#### [What the exercise asks]
I'd like the data beneath this line reproduced exactly, without any of its images.

#### [Information shown]
--
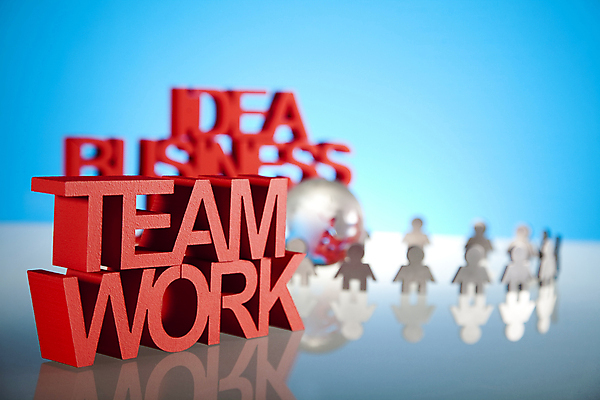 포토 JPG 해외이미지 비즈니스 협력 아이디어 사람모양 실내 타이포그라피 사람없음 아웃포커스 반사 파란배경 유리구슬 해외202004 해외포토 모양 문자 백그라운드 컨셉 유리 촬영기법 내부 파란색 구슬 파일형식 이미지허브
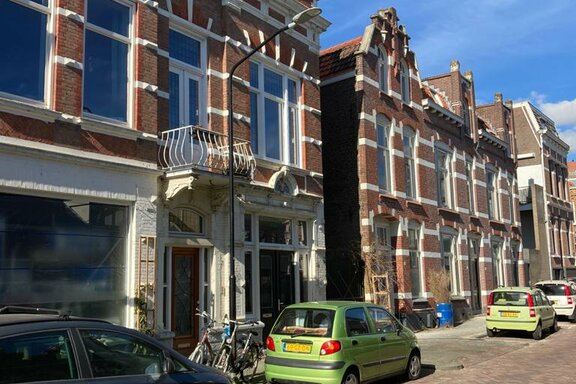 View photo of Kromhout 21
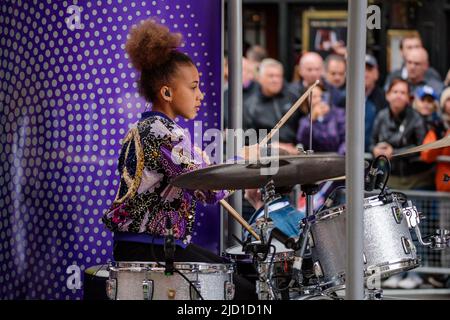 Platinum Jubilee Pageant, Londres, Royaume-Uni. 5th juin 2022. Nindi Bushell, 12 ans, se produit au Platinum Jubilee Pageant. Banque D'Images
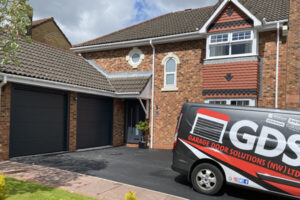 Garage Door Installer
--
#### [Task output]
 포토 JPG 해외이미지 비즈니스 협력 아이디어 사람모양 실내 타이포그라피 사람없음 아웃포커스 반사 파란배경 유리구슬 해외202004 해외포토 모양 문자 백그라운드 컨셉 유리 촬영기법 내부 파란색 구슬 파일형식 이미지허브
 View photo of Kromhout 21
 Platinum Jubilee Pageant, Londres, Royaume-Uni. 5th juin 2022. Nindi Bushell, 12 ans, se produit au Platinum Jubilee Pageant. Banque D'Images
 Garage Door Installer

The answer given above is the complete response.